Sandstone structures on Mars look much like structures created by microbes on Earth

There may not be life on the surface of Mars at the present, this does not exclude the possibility that life may have thrived earlier on the Red Planet. The early history of Mars seems to have been very similar to that of Earth, especially with respect to the ancient hydrosphere.
The sedimentary structures in the Gillespie Lake Member, Mars, constitute a promising set of potential biosignatures that compel further analyses by Mars rovers, including future sample return missions from Mars. The sandstone structures on Mars look like structures created by microbes on earth.
Sandstone beds of the less than 3.7 billion years Gillespie Lake Member on Mars have been interpreted as evidence of an ancient playa lake environment. On Earth, such environments have been sites of colonization by microbial mats from the early Archean to the present time. Terrestrial microbial mats in playa lake environments form microbialites known as microbially induced sedimentary structures (MISS).

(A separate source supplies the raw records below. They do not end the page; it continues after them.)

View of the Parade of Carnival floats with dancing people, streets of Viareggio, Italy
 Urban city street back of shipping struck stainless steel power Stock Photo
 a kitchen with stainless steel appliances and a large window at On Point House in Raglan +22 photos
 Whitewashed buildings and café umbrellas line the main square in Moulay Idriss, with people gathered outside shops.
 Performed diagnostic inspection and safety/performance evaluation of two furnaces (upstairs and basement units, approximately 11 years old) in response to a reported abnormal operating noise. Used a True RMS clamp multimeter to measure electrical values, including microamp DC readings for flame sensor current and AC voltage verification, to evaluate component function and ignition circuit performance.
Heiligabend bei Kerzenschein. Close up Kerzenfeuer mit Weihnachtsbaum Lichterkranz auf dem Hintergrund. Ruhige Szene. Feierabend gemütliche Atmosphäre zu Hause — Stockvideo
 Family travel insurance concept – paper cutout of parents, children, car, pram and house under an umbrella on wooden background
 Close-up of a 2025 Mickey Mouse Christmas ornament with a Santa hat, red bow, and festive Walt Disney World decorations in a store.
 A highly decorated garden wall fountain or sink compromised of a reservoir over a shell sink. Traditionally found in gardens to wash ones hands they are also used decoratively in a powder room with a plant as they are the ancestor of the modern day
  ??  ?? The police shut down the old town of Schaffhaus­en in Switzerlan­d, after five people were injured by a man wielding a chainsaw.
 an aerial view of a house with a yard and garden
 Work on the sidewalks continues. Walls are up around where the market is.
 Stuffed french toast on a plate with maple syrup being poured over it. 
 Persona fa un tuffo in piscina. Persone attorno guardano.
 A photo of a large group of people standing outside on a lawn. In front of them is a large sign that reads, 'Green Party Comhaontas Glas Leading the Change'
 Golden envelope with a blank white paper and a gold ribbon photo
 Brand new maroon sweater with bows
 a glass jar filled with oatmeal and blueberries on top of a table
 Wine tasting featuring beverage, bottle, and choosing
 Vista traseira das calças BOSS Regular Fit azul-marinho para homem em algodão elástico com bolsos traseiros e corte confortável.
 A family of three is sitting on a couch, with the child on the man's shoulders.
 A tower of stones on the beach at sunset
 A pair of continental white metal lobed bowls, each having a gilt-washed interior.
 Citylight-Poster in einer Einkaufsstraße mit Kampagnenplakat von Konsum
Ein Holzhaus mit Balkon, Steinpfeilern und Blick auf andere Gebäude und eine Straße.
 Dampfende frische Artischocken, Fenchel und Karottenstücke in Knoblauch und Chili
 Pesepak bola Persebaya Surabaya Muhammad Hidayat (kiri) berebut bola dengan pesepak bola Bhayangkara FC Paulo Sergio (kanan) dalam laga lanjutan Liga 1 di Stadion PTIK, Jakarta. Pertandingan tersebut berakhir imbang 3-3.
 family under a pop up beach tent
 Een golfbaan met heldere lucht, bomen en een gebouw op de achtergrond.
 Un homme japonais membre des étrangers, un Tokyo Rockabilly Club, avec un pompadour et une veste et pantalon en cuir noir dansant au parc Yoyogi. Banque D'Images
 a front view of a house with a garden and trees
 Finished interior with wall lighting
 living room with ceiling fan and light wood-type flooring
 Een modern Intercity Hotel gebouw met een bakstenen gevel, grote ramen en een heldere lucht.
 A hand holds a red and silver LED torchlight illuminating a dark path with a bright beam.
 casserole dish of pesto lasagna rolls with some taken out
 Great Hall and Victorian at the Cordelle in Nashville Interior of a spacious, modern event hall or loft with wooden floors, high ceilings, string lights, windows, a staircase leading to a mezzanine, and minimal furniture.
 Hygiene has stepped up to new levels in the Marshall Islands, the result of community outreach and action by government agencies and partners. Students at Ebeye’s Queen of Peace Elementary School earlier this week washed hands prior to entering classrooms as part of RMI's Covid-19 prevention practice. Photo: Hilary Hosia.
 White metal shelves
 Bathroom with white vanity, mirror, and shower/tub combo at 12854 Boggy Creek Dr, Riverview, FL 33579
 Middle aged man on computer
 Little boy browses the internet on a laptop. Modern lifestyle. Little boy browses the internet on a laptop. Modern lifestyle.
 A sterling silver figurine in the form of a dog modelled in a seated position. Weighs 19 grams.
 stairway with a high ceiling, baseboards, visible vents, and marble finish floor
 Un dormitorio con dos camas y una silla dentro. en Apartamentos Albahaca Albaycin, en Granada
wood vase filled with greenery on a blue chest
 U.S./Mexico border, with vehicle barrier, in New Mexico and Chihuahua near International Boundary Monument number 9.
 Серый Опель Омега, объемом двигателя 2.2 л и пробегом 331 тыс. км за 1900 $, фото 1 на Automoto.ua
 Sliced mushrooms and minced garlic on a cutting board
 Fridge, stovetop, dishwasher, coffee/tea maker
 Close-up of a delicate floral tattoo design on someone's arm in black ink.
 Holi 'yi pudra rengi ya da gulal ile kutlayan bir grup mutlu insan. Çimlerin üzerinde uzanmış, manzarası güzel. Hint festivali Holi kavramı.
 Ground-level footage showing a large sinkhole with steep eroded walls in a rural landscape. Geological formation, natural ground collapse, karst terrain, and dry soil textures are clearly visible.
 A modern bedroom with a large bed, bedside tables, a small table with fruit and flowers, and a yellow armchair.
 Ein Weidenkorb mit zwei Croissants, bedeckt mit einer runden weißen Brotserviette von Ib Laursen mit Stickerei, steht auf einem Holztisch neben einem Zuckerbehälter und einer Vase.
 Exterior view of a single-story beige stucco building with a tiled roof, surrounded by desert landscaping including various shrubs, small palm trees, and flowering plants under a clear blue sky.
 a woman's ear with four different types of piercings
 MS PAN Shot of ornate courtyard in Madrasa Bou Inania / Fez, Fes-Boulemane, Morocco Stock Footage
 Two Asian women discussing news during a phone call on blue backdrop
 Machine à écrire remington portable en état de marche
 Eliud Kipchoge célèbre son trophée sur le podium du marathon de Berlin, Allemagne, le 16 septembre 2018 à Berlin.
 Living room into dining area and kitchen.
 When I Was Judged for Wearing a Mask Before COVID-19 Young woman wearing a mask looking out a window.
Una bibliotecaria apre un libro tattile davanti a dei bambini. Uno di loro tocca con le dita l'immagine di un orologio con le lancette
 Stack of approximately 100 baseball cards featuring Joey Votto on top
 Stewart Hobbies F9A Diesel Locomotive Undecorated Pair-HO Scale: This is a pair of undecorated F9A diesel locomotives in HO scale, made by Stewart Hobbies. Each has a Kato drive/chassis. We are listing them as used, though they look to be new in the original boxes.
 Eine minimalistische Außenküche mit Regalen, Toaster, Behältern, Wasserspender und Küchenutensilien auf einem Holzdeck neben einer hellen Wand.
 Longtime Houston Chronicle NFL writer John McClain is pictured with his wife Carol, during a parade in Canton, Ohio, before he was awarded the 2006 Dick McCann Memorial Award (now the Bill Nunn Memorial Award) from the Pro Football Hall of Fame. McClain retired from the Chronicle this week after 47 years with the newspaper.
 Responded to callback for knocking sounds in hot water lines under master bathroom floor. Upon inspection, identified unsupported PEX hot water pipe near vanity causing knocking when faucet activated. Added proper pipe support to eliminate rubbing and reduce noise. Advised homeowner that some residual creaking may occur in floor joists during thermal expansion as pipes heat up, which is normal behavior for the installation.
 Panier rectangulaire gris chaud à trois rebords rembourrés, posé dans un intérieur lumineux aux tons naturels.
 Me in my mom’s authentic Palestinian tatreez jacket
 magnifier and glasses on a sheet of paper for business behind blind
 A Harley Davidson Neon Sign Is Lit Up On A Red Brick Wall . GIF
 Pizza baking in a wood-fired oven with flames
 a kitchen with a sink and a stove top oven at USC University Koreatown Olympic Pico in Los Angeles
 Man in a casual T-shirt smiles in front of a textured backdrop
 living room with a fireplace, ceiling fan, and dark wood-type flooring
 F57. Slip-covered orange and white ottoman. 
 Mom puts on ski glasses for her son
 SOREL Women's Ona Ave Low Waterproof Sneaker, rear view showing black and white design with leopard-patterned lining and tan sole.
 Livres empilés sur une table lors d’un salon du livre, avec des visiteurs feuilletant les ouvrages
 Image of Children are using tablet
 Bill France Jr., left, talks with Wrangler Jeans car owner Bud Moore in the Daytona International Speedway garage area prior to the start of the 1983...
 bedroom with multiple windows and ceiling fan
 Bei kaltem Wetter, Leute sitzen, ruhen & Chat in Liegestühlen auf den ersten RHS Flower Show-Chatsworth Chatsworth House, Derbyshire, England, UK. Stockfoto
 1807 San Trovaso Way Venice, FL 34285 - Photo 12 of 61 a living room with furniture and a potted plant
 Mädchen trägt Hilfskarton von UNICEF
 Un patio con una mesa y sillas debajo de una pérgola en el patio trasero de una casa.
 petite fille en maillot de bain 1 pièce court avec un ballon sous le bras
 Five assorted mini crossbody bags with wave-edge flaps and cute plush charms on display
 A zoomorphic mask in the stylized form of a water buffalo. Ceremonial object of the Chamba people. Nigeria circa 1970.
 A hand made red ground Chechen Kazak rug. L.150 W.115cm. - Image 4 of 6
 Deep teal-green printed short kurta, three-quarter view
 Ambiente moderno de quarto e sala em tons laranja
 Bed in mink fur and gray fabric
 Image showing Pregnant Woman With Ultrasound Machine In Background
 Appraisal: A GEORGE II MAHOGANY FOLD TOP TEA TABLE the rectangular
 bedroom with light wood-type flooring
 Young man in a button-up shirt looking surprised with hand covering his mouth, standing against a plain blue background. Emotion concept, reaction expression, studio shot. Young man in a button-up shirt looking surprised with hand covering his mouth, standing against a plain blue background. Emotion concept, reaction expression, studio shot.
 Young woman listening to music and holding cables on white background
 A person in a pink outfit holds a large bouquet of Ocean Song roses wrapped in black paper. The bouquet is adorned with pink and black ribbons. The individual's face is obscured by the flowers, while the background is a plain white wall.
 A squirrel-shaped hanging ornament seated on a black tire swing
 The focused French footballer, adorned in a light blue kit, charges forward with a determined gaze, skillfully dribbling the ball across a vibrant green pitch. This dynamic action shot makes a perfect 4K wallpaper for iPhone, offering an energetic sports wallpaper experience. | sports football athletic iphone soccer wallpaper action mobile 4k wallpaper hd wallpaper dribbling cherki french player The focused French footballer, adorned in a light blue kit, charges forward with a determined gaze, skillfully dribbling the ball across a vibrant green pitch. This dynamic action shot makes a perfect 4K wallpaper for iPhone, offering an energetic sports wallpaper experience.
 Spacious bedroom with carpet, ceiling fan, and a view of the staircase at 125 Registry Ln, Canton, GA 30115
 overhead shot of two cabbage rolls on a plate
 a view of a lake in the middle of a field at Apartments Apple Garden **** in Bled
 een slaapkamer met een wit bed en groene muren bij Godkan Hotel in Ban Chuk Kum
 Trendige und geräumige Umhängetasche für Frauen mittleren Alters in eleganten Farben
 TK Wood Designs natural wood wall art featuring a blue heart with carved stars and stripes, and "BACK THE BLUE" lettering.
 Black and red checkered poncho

On Mars, three lithofacies of the Gillespie Lake Member sandstone display centimeter- to meter-scale structures similar in macroscopic morphology to terrestrial MISS that include ‘‘erosional remnants and pockets,’’ ‘‘mat chips,’’ ‘‘roll-ups,’’ ‘‘desiccation cracks,’’ and ‘‘gas domes.’’ The microbially induced sedimentary-like structures identified in Curiosity rover mission images do not have a random distribution.